Bu konuda tüm kamuoyu ve halkımızın dikkatini şuna çekmek istiyorum: Önderliğimiz geri çekilmenin sağlıklı yapılabilmesi için TBMM’nin bir kanun çıkarmasını talep etti. Güçlerimizin güvenlikli ve hızlı bir biçimde Türkiye sınırları dışına çıkması için bir yasaya ihtiyaç vardı. Böyle bir kanun çıkmış olsaydı, bugün çekilip çekilmeme konusu gündemde olmazdı. O zaman daha hızlı ve kısa sürede çekilme gerçekleşirdi. Ama AKP hükümeti bütün ısrarlarımıza rağmen böyle bir adım atmadı. Meclis kapandı, böyle bir yasa çıkarmadı. Diğer sezon başladı, göstermelik bir komisyon kurdular, o komisyon da zaten işlev kazanmadı. Sonra Önder Apo, sürdürülen görüşmelerin yasal güvence altında olmadığını belirterek görüşmelerin müzakereye evrilmesini, bunun için de müzakerelerin yasal bir çerçeveye kavuşturulmasının gerekli olduğunu söyledi. Bu, hareket yönetimimiz tarafından defalarca ifade edildiği gibi, Önderliğimiz tarafından görüşmeye giden heyete de birçok kez belirtilmiştir. Ancak böyle bir yasa da çıkmadı. Yani müzakere çerçeve yasası çıkmadı. Onun yerine görüşmeye giden MİT mensuplarını güvenceye alan bir yasa çıkardılar. Bu tabii ki soruna bir cevap değildi.
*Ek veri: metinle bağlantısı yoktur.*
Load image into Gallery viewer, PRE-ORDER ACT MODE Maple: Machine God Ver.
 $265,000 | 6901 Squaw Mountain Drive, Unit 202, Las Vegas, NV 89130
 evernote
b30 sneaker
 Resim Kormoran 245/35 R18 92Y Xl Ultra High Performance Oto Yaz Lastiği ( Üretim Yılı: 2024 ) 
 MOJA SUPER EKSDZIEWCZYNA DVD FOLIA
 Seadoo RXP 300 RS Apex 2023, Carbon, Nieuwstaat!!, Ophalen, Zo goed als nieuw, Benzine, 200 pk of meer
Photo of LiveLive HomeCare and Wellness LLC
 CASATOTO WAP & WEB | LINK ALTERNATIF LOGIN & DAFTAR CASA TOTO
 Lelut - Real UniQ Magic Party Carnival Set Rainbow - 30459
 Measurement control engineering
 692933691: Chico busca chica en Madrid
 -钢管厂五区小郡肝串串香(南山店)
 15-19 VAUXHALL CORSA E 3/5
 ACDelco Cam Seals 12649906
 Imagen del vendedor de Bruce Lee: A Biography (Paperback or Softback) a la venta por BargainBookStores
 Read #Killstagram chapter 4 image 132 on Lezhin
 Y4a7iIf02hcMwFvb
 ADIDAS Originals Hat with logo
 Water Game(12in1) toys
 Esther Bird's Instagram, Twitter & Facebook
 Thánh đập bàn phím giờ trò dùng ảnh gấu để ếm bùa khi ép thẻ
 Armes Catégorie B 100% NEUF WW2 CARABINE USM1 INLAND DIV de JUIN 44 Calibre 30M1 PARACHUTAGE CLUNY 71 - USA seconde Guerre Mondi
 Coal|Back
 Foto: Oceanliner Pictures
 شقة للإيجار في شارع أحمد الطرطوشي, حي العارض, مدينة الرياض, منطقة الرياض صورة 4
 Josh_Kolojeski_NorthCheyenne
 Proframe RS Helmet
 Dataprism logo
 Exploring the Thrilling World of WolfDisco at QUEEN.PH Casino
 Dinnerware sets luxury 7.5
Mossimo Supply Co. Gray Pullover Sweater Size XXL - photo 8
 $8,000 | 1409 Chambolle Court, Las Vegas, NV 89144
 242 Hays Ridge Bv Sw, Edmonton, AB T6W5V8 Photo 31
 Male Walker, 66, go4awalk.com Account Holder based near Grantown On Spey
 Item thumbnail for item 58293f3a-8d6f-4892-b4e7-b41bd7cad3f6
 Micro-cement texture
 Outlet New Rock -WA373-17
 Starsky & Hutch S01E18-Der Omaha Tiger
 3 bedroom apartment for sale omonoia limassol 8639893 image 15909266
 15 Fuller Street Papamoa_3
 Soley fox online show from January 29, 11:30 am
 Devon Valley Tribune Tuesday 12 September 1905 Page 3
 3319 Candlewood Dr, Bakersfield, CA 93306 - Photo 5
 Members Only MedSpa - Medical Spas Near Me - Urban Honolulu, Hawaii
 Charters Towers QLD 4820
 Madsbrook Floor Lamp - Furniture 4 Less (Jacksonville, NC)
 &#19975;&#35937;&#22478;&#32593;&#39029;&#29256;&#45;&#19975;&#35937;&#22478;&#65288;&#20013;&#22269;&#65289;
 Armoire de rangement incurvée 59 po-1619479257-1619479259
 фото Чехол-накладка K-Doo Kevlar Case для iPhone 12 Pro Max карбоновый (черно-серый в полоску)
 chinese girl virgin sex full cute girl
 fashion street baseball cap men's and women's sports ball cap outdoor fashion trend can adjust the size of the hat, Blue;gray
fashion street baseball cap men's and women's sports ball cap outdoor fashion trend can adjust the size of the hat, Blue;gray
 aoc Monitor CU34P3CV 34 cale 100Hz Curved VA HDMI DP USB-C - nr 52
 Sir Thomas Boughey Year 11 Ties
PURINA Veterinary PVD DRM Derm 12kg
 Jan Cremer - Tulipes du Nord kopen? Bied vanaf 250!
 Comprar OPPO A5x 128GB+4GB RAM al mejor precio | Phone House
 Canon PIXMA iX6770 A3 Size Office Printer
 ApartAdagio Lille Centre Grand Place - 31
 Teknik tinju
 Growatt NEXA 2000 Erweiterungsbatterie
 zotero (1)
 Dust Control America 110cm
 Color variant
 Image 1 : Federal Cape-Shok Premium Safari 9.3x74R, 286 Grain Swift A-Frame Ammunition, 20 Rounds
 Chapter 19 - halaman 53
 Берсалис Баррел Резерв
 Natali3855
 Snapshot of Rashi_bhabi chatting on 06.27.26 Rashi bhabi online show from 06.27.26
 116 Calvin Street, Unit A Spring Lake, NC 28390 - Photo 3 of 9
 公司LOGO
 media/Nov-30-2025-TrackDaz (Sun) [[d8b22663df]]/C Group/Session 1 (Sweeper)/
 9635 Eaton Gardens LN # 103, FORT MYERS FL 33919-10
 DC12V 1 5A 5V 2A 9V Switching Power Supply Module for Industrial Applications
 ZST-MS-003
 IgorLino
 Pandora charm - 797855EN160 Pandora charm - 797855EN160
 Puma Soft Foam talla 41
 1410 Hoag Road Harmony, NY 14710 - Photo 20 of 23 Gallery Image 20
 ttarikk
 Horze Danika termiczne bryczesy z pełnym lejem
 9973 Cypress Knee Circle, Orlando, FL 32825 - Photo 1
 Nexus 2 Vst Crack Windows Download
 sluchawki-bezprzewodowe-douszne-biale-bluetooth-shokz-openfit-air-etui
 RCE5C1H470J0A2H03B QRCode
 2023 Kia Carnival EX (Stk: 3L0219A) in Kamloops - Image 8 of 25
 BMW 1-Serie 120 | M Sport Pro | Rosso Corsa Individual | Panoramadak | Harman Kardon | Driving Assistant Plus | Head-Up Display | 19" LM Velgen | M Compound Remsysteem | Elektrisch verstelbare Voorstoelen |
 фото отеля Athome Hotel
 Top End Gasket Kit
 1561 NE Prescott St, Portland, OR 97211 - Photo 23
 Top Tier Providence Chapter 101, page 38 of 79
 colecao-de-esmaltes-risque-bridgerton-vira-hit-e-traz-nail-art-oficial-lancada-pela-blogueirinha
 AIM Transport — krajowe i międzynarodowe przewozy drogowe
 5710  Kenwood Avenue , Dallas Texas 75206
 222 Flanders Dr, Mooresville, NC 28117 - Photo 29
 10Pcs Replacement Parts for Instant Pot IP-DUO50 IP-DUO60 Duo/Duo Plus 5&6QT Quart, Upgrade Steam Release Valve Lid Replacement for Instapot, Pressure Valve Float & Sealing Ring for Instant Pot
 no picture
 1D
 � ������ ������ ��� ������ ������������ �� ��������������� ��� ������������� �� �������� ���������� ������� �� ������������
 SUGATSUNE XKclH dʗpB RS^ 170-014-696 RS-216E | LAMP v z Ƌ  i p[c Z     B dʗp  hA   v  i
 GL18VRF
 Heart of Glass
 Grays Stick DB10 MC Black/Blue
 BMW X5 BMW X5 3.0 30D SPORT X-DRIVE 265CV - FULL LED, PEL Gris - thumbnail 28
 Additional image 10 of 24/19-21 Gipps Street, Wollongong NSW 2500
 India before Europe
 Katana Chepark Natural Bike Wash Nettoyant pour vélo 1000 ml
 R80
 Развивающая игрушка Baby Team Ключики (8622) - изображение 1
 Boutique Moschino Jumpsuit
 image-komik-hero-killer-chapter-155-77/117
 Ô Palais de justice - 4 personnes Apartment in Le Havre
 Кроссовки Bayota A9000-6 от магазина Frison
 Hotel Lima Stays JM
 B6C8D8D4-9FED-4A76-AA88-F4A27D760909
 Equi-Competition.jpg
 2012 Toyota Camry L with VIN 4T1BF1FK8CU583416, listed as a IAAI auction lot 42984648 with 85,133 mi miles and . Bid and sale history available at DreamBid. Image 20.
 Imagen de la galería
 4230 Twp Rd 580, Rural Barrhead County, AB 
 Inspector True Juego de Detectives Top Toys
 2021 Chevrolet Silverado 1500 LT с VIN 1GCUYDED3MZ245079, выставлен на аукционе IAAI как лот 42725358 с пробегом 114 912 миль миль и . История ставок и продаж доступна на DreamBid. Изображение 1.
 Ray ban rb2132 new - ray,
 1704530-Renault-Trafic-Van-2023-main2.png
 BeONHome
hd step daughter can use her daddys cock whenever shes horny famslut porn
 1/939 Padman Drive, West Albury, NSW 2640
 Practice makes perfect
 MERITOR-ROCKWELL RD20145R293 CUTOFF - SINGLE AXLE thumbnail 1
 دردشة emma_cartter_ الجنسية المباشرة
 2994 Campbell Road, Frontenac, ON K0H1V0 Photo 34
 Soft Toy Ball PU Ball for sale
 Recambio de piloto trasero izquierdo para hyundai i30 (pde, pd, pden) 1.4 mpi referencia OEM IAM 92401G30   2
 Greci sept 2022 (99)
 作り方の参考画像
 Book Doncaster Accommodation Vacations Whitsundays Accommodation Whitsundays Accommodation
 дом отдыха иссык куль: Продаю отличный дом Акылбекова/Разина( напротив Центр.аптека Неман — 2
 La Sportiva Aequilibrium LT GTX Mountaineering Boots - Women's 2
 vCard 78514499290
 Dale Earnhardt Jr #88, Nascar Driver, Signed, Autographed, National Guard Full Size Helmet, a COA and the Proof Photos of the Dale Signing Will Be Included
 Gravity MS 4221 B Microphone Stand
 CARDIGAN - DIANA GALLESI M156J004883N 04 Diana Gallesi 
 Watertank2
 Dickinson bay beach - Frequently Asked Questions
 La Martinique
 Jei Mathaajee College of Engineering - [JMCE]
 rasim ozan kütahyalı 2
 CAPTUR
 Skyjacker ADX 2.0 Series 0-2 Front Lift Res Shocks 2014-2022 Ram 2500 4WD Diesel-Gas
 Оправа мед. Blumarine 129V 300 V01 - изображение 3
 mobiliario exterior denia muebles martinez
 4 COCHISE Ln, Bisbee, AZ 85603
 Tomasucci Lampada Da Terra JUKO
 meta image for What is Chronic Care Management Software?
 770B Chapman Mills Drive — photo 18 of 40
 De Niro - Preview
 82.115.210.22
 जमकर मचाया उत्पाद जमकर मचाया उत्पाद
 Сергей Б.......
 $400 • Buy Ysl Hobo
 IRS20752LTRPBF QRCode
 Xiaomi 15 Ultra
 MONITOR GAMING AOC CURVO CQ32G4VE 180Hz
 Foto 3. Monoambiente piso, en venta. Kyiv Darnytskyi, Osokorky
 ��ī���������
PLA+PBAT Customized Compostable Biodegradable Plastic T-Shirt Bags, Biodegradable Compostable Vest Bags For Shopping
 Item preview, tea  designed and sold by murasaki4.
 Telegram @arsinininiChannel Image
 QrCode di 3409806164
Şimdi burada dikkatimizi çeken çok önemli bir husus vardır: AKP hükümeti Kürt sorununa ve Kürt sorununun çözümüne ilişkin herhangi bir yasa çıkarmaya yanaşmıyor. En basit konularda bile yasa çıkarmaya yanaşmıyor. Halen Türkiye Cumhuriyeti Devleti’nin yasal literatüründe Kürt kavramı yoktur; Kürt dili denmez, ‘Türkçe dışındaki diğer diller’ diye geçer. TRT-6 kurulmuştur ama esasında onun yasal çerçevesi yoktur. Kürtlere ilişkin, Kürt sorununun çözümüne ilişkin yasa çıkarmama ve bu konuda yasallaşmamada bir ısrar vardır.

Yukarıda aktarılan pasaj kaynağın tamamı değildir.